Under his proposal, the planned government corporation will not only maintain and take care of the government prime lots abroad, but will also ensure that these properties cannot be sold without the body’s approval and “not just by anyone who has some crazy ideas of just selling these properties just like that.”   

“These are historical buildings,” said Romualdez, who is also a cousin of President Ferdinand Marcos Jr.

According to Romualdez, they even renovated and upgraded the Washington ambassador’s residence, a chancery in Washington D.C., to make it “representative of our country.”

“But some were even thinking of selling these properties,” he said adding it is “wrong” to dispose these cultural and prime assets.

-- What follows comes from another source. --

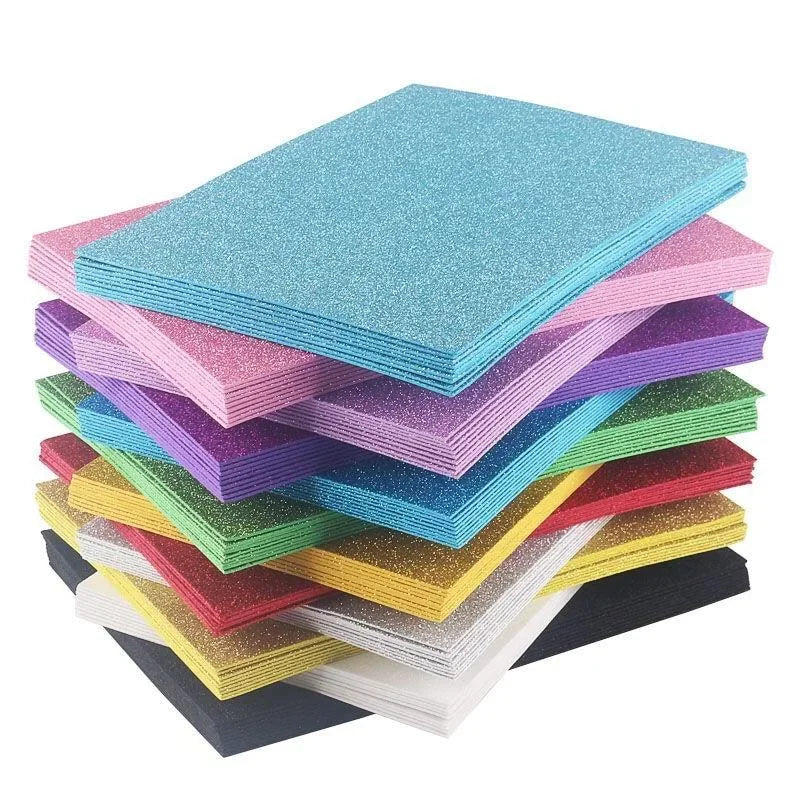 10Pcs/bag 2MM Thick A4 with Powder Sheet Material Glitter Bright Sponge Paper Foam Paper Kindergarten DIY Handmade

For instance, he said, the Philippines sold its property, which was owned by the Government Service and Insurance System, in the Union Square in San Francisco. “That building is now worth billions,” he lamented.

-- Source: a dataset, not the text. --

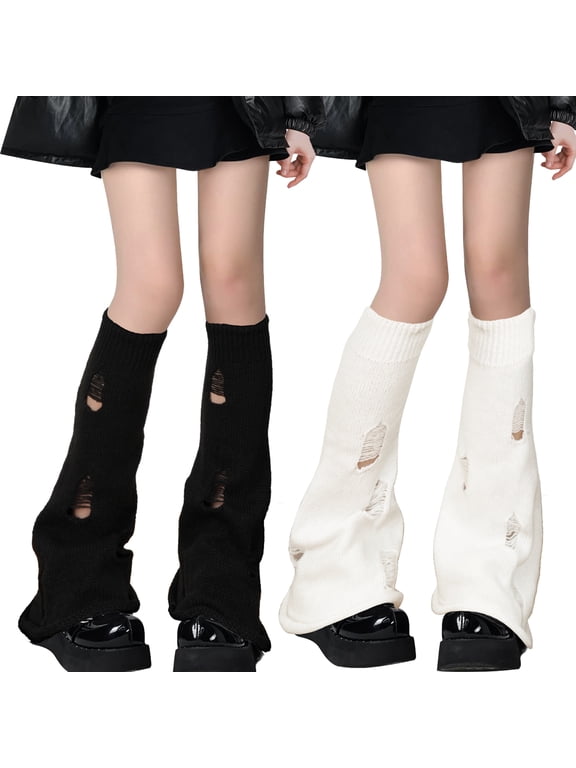 Women Knit Leg Warmers Ladies Y2K Streetwear Leg Warmers Harajuku Leg Cover Punk Goth Star Leg Warmers 2 Pair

Another Philippine government property that had been sold is a prime lot in London, just right in front of the Kensington Palace. He shared that the Philippine Ambassador to London at that time told him that from the Philippine building they could see Princess Diana come in and out of the Kensington Palace.

“It’s a prime property and now we’re renting in London. So these are things I think people should realize that it's not a question of just selling and selling properties for something. Once you sell it, it's finished,” he said.

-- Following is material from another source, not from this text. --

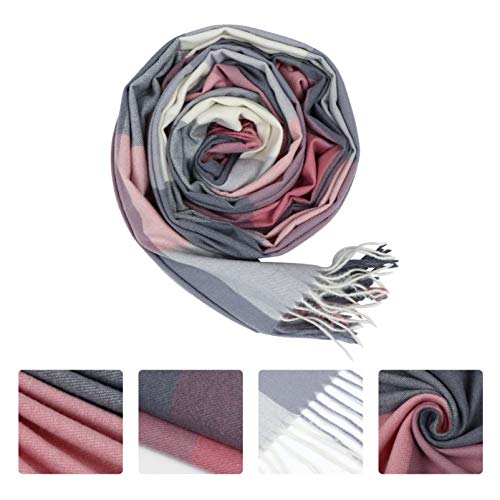 ABOOFAN Lenço de Padrão de Grade Lenço de Inverno Engrossado Lenço Prático de Moda Pashmina Quente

The Philippine ambassador’s residence in DC alone has been a government property since 1946 and is placed under the National Heritage Commission. “It is now a landmark, which means it cannot be sold without the expressed approval of the executive branch,” he said.

The Philippine embassy in Washington, DC was a scene of many Filipino activities and of past Philippine presidents, he said. 

“It is the highest crime for us to simply sell that just to raise money for what,” he said citing an attempt to sell the Philippine property in Japan. He pointed out that the government property in Tokyo was “paid for by Filipino blood, part of the reparations by the Japanese for World War II.”